Good data protection makes for good business
Data and algorithms are the new operating resources
As individuals, entrepreneurs and society at large, we are spending more and more time online leaving an ever-larger digital footprint. We transmit data that is condensed into profiles and reveals much about our personality as well as our political preferences and tastes as consumers. Whoever has access to that data can influence people, steal identities, and cause harm.
However, data is not only valuable from the point of view of the individual, but is also a fundamental production factor for businesses operating in the digital space. Where classic industrial companies consisted of plants, reactors, halls, and workshops, today algorithms, software and databases are the very means of production.
That's why protecting the technical infrastructure is not just important to comply with data protection requirements but furthermore is a fundamental element in safeguarding creation of value in a modern business. If company secrets are spied out, data leaks out, or ransomware paralyzes entire systems, this can easily spell the end of a company.
Data protection and a reliable corporate IT setup are one and the same thing.

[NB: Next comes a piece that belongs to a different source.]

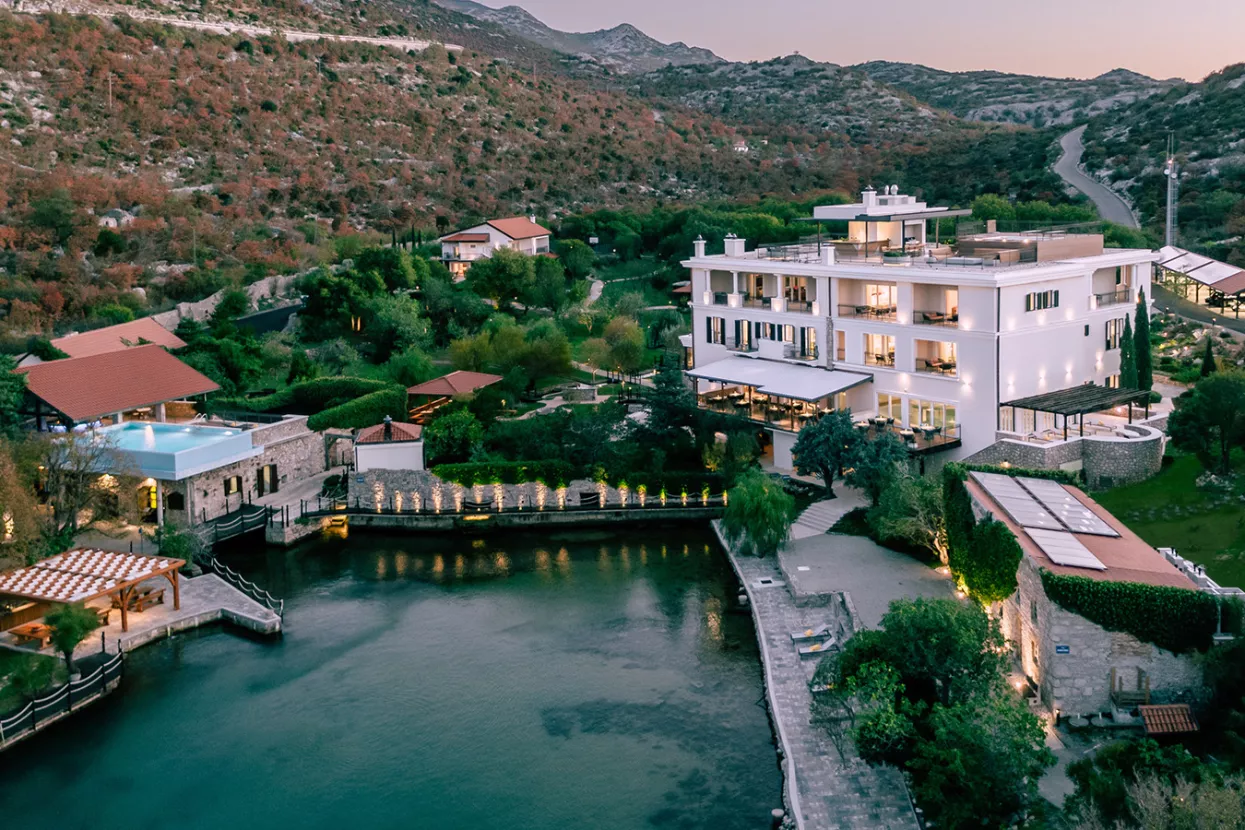 Veladrion Resort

IT Security as the basis for every company with electronic data storage
To protect not only personal customer, employee, and supplier data, but also company know-how, trade secrets and digital resources, sensible technical protection measures must be introduced to ensure the integrity, confidentiality, and availability of data. The existing safeguards need to be constantly checked for security gaps, and there must be processes in place to keep all systems up to date at all times.
This shows that companies practicing good technical data protection do also protect their business - they kill two birds with one stone. Data protection, properly understood, is not an "additional task," not a burden, not bureaucracy, not an extra to the actual business tasks. Rather, data protection is in itself an increasingly important and central task. And on top of that it is also important in order to be able to do business successfully in the digital sector in the European Union going forward. With watchdogs growing teeth and consumers taking those things more seriously, compliance with the General Data Protection Regulation (GDPR) and the associated safeguarding of data sovereignty in Europe can become a competitive advantage over other companies that do not comply or only partially comply with the legal requirements.
Technical data protection as a secure foundation
Of course, infrastructure protection alone is not enough for a company to operate successfully. Rather, it must also be ensured that the organizational framework conditions for data protection is complied with.
It is indeed important to discuss whether an employer has the right to ask employees about their vaccination status. This is about balancing fundamental rights and personal freedoms with the rights of third parties and the general public; such issues have to be negotiated again and again. Undoubtedly, it is also useful to have standards for the way in which paper should be shredded so that the individual parts cannot be reassembled into documents. Because yes: that is a procedure often used in industrial espionage. And without structured contracts for commissioned data processing of personal data, it is unclear who is responsible for what.
Above all these questions, however, the IT basis must not be forgotten, which is the foundation for all other measures: It is not enough to create only theoretical data protection through sophisticated lists and contracts. One must actually practice data protection embedded in the very fabric of the business.
In a similar vein: server location vs. cloud provider headquarters
While you are at it: Also check outsourced data storage in data centers, hosting companies, or the cloud for compliance. Make sure that the SaaS and data center providers have both their headquarters and servers within the European Union to be able to offer their services in a data protection compliant manner.